Reproduce, from the lines below, exactly the stretch that begins at the line containing "Tia Mowry and" and ends at the line containing "Karan Darda Architects", both included.

── INFORMATION PROVIDED ──

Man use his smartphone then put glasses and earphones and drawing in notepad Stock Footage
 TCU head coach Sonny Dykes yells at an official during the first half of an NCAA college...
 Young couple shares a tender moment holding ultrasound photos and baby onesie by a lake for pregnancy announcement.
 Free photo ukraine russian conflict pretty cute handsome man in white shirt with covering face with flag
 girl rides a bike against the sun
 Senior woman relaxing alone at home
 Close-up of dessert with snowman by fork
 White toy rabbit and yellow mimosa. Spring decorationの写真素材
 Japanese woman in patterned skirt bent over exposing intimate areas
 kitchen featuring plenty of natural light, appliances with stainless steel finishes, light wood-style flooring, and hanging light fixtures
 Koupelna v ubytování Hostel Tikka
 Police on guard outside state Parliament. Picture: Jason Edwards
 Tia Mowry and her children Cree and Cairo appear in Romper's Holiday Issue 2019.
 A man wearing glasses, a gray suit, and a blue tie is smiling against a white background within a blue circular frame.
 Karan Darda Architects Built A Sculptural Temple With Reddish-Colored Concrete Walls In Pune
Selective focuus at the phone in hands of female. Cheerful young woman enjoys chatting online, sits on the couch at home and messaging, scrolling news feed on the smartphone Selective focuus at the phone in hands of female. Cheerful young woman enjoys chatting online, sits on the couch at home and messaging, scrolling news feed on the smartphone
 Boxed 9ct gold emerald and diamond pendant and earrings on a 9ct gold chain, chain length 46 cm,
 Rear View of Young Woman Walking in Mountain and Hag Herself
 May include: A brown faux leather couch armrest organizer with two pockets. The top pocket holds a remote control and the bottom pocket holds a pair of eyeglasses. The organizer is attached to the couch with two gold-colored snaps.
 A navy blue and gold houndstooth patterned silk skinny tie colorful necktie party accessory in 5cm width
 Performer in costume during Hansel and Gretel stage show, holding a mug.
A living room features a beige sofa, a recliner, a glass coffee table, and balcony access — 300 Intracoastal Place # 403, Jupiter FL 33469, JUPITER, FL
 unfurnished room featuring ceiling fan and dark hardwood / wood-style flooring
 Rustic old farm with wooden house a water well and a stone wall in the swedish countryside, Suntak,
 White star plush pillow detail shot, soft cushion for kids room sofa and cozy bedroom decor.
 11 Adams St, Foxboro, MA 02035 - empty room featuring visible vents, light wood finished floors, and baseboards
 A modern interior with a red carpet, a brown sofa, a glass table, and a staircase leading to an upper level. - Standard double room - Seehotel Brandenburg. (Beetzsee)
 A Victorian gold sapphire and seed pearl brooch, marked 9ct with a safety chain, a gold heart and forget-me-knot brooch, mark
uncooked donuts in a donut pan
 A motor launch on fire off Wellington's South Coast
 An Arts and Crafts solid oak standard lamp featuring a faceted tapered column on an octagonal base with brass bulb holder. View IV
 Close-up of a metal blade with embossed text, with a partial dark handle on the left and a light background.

───

FINISHED EXERCISE:
 Tia Mowry and her children Cree and Cairo appear in Romper's Holiday Issue 2019.
 A man wearing glasses, a gray suit, and a blue tie is smiling against a white background within a blue circular frame.
 Karan Darda Architects Built A Sculptural Temple With Reddish-Colored Concrete Walls In Pune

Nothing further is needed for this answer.